Luigy Marks Yang disse...

ok

Wilson Natale disse...

Pois é, Saidenberg, O seu amigo pode ter ido para o andar de cima. Mas, através de sua lembrança ele revive e faz das suas: Ensinou-me uma coisa importante: Janeiro que vem, faço 32 anos... Ahahahaaaaa!!!
Pessoas asssim, acabam com a monotonia e o tédio!
Obrigado por relembrar-me da DKW, que virou Taxi-mirim! E, por tabela, o "possante" Gordini e, claro, os Dauphines.
Bello texto!
Abração,
Natale

Wilson Natale disse...

JOCA: O Laocoonte parece-me que está no Parque Ibirapuera.
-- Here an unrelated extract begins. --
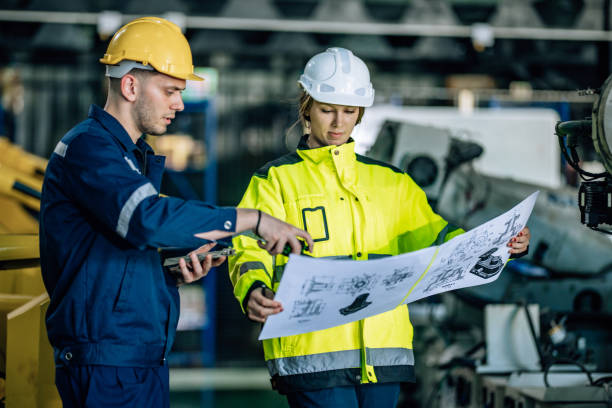 istock Inspecting Printed Circuit Board (PCB) in a Factory 2193272199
Digo "parece-me", porque há uma outra na Pinacoteca.
Estátuas e o túnel parece-me incompatíveis. Lembra do "auê" que deu, quando colocaram lá "O Beijo" ou "O Idílio"?
Triste também é passar por lá e ver as fontes de água e luzes que há "séculos" não funcionam mais...
Aqui, tudo se cria e tudo se destrói, ou deixa-se ao Deus dará.
Abração,
Natale

Luiz Saidenberg disse...

Natale,
o Laocoonte original, do Vaticano, é mais mutilado que a cópia do Ibirapuera. Mas ficou boa a restauração...da Pinacoteca não lembro. Sempre vamos lá; preciso consultar de novo o andar superior, das esculturas. Qto ao V do DKW, Joaquim, talvez porque o W soa mesmo V, em alemão. Mas, como isto se transmitiu ao popular brasileiro, não sei. Veja-se que o Volkswagen tb se pronuncia Folks, como em alemão,ou Fusca, por aqui.
Abraços.

Zeca disse...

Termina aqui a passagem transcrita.